Stuttgart - Manche halten sie wahrscheinlich immer noch für Spinnerei, die Idee einer Seilbahn zwischen dem früheren IBM-Campus mit den Eiermann-Bauten im Stadtbezirk Vaihingen und dem Autobahnanschluss Möhringen – über den Vaihinger Bahnhof und den Synergiepark Möhringen-Vaihingen hinweg. Doch die Idee nimmt weiter Fahrt auf. Im Technik-Ausschuss des Gemeinderats zeigten sich jetzt so ziemlich alle Fraktionen mit Ausnahme des Linksbündnisses erfreut bis begeistert über den Zwischenstand bei der Machbarkeitsuntersuchung. Der zunächst angepeilte Endpunkt Messe/Flughafen jedoch ist in der Sitzung entzaubert worden – stattdessen läuft es nun immer stärker auf eine Station mit Parkhaus beim Autobahnanschluss Möhringen hinaus.

Warum kommt die Verbindung zum Flughafen ins Hintertreffen?

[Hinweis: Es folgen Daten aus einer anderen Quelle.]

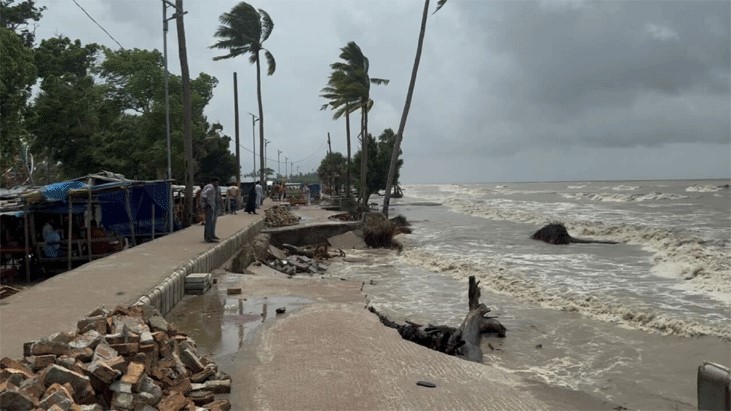 উদ্বোধনের আগেই সাগরে বিলীন ৫ কোটি টাকার মেরিন ড্রাইভ উদ্বোধনের আগেই সাগরে বিলীন ৫ কোটি টাকার মেরিন ড্রাইভ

Da man auf dem Weg zum Flughafen unterwegs keine weiteren Fahrgäste einsammeln könnte, stehe der Nutzen in einem unguten Verhältnis zu dem Aufwand, meint Stefan Tritschler vom Verkehrswissenschaftlichen Institut Stuttgart. Zumal die Reisezeiten recht lang seien. Außerdem: Im Moment wird die Stadtbahnlinie U6 zur Messe und zum Flughafen verlängert. Von ihrer Trasse wird durch eine Schienen-Eckverbindung beim SSB-Zentrum eine attraktive Verbindung zwischen Flughafen einerseits sowie Vaihingen und Dürrlewang andererseits möglich. Da käme ein Seilbahnbau über die A8 hinweg einer „Kannibalisierung“ des Stadtbahnangebotes gleich, sagt Tritschler. Der Wunsch mancher Stadträte, dass die Seilbahn schon jenseits der Stuttgarter Stadtgrenze Umsteiger vom Auto aufnimmt, ist dennoch nicht völlig abgebügelt worden. Die Experten sowie der Städtebau- und Umweltbürgermeister Peter Pätzold (Grüne) halten eine spätere Erweiterung über die Stadtgrenze hinaus für denkbar. Allerdings rückt da eher Sindelfingen ins Blickfeld.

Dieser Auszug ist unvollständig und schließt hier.